Day 3 of my safari had us up once more before the crack of dawn, and we all piled into the Land Cruiser and pulled out of camp before any of the other goups there were stirring. It’s a good idea to get up and going in the morning, as many of the critters are most active at that time. If you’re planning your own safari, I highly recommend that you get your guide to take you out as early as possible. It’ll be worth it, trust me.
We cruised down the road in the semi-darkness keeping our eyes peeled for animals, and even in the pre-dawn darkness, you could make out the shapes of elephants and buffaloes. It wasn’t long though before the suns rays broke the horizon and began to brighten the Serengeti, allowing us to see further into the distance.

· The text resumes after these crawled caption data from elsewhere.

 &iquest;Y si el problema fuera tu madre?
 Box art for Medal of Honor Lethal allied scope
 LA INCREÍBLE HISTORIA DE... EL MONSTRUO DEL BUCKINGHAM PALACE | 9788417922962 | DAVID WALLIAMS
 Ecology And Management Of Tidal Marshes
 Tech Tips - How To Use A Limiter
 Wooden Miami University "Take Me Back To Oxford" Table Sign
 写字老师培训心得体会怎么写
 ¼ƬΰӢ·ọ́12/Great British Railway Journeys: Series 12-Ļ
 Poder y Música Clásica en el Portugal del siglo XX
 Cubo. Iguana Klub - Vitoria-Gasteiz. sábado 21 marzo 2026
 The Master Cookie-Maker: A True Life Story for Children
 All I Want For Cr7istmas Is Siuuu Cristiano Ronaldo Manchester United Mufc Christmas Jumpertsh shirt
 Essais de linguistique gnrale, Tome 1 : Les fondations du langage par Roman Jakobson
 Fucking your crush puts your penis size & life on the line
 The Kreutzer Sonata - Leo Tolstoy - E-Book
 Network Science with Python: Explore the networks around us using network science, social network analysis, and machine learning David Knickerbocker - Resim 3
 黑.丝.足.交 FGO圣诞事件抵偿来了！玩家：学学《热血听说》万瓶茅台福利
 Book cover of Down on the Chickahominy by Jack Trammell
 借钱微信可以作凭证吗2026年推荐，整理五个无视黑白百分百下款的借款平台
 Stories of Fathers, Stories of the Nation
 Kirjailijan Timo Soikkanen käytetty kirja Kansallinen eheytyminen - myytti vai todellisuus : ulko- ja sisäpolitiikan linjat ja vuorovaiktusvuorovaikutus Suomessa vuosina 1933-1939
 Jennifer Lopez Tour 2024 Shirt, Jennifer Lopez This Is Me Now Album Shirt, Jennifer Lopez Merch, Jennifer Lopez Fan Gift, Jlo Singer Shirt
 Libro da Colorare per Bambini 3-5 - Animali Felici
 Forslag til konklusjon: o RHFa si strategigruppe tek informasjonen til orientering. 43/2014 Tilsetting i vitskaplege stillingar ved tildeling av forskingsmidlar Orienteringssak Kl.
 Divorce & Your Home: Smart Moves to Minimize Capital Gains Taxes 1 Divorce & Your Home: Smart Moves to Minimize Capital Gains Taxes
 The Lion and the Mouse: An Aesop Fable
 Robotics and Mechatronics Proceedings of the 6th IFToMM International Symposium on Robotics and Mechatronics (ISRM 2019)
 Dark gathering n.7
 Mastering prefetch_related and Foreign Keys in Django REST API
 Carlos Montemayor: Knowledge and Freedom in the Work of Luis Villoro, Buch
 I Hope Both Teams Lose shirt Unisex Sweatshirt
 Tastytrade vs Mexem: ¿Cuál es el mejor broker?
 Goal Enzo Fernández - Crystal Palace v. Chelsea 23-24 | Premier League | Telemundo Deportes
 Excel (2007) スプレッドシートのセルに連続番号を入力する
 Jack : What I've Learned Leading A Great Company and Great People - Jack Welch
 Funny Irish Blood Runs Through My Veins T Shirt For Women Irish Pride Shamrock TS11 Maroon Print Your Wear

At one point our driver spotted a hippo moving through the grass near a small watering hole, so we quickly pulled over to the side of the road to get a glimpse of him. We picked an extremely fortuitous place to stop however as we spotted three lions, no more than ten years from are vehicle. lounging in the grass. It was a big male and two females, bedding down to rest after a night on the prowl no doubt. The two females in paritcular seemed content to just stay where they were, and keep an eye on us, but the male, who seemed to not notice us at all, had more amourous intentions. He would stroll over to one of the females and mate with her on more than one occasion while we watched, and the end of which the female would push him off, and he’d let out a growl that would make you weak in the knees, even while safely inside the safari vehicle. Seriously, it was a low guttural growl that no TV show or movie can ever convey accurately. It was very impressive.
After watching the lions for awhile, ww were joined by another vehicle or two, so we decided to continue our morning drive. We went just a little further down the road before seeing our next amazing sight for the day. A day which would be filled with plenty of amazong sights. Moving through the thick grass was a large group of hyenas. Their heads would poke out and look around, then disappear again into the grass, only to reappear a short distance away. We watched them for a time before they moved off, no doubt picking up the scent of some prey.
Our morning game drive continued with our next surprise creature being a Sephicat. We were extremely lucky to spot this fairly rare and unusual cat, as they are small, and stay well hidden in the grass. We spotted it peering out of the grass as we were turning around, it’s face barely visible. Once it determined that we were no threat however, it slowly strolled by before slipping into the grass once more.
Getting up before the sun was paying off, but we still weren’t done. Ben, our guide, drove us into an area with a lot of rock formations, some of them resembling pride rock from Disney’s The Liion King. The rocky hills jut out of the plains, and are favorite resting place for the big cats, as they alow them to see into the distance, scanning the horizon for prey. That morning, we spotted lions on at least three or four of these formations, allowing us to get some amazing photographs, and watch these graceful predators as they lounged about in the morning sun.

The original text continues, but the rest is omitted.